Globally we focus on sports sponsorship. Other assets include our rugby association, including the likes of the Canberra Raiders in Australia. In India we sponsor the Bangalore cricket club. We’re on the shirts of Santos in Brazil, and also Galatasaray in Turkey.
How does the sponsorship process work in terms of autonomy to the regions? Where is the nerve centre of where these decisions are made?
Sponsorship decisions are driven from global, which is from our global headquarters in Shenzen in China and the regional hubs feed into that process. Obviously in Europe we have a clear football strategy to associate ourselves with clubs that are challenging for that number one spot in top leagues, those clubs that typically have a strong fanbase and are aspiring to be number one, like our company.
What type of activations do you do? Do these differ from property to property?

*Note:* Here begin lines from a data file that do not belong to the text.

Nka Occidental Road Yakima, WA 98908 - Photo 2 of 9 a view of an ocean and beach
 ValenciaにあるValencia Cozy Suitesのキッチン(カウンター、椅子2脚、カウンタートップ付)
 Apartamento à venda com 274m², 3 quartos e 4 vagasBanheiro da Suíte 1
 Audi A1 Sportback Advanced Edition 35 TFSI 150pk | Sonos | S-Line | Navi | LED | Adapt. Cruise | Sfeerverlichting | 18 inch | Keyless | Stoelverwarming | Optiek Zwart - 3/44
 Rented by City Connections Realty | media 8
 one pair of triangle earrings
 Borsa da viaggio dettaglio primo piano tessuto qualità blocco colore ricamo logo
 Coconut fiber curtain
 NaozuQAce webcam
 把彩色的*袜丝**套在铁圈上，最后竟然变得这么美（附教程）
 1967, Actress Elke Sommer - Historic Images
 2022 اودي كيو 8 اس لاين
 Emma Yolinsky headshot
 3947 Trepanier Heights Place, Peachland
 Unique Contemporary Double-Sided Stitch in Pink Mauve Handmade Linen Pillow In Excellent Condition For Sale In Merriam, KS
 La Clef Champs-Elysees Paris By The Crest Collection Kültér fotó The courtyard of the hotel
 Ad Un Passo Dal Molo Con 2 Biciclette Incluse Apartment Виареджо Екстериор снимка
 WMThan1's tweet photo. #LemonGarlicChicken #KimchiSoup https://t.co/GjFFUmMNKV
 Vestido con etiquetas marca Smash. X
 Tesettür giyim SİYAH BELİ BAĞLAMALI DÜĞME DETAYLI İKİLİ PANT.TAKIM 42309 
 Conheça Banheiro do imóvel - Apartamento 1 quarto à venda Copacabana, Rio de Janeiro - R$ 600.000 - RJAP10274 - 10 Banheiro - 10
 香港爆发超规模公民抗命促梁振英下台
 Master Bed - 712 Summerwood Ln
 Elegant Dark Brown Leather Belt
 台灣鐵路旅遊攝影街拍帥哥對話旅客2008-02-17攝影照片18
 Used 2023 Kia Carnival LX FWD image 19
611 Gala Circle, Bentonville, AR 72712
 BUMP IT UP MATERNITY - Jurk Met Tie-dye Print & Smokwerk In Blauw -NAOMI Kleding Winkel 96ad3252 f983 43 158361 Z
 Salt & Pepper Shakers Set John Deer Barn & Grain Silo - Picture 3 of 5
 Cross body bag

In Europe we’re particularly focused on club sponsorship activity and the majority of the assets that we secure with those clubs are activated locally. However there is always an opportunity to drive an association between our brand and soccer generally. One example of improving the association between Huawei and soccer is the Huawei team ranking initiative. We worked closely with goal.com and Opta to develop something called the Huawei team ranking, which is a virtual league table of all the clubs across Europe enabling the online user to rank these clubs according to certain soccer statistical criteria, like shots, clean sheets, passing. We worked closely with Perform to develop that consumer tool and it has generated a lot of great facts and snippets of information that soccer fans have found interesting, comparing the performance of their team in their market with other clubs in other markets.
We’ve used this solution to drive awareness through digital channels. We’ve focused attention on creating content out of this vehicle and used Twitter and Facebook to promote it.
Are there any conscious models or inspirations that you’re drawing from, looking around the world of sport and marketing?
What we recognise is that as a brand we’re relatively new to having a consumer facing proposition. We’re very interested in working with co-sponsors of the clubs that we work with on joint marketing activity. I think we feel we can complement the marketing activity of other brands that are co-sponsors of the various clubs we sponsor. There are live discussions going on that are ongoing and that we’re excited about.
What can we expect to see from your department at Huawei over the next 12 months, and what are your plans for the long term?
I think you’ll see more effort in activation of soccer from Huawei from a global perspective. The trend is towards multi-club deals within market, and as you can see from the shirt sponsorship deals done with Galatasaray and Santos, that seems to be paying dividends with regards awareness generation in those regions. We’re committed to sports sponsorship and in particular soccer sponsorship activation. We know that soccer is a very passionate, emotional area.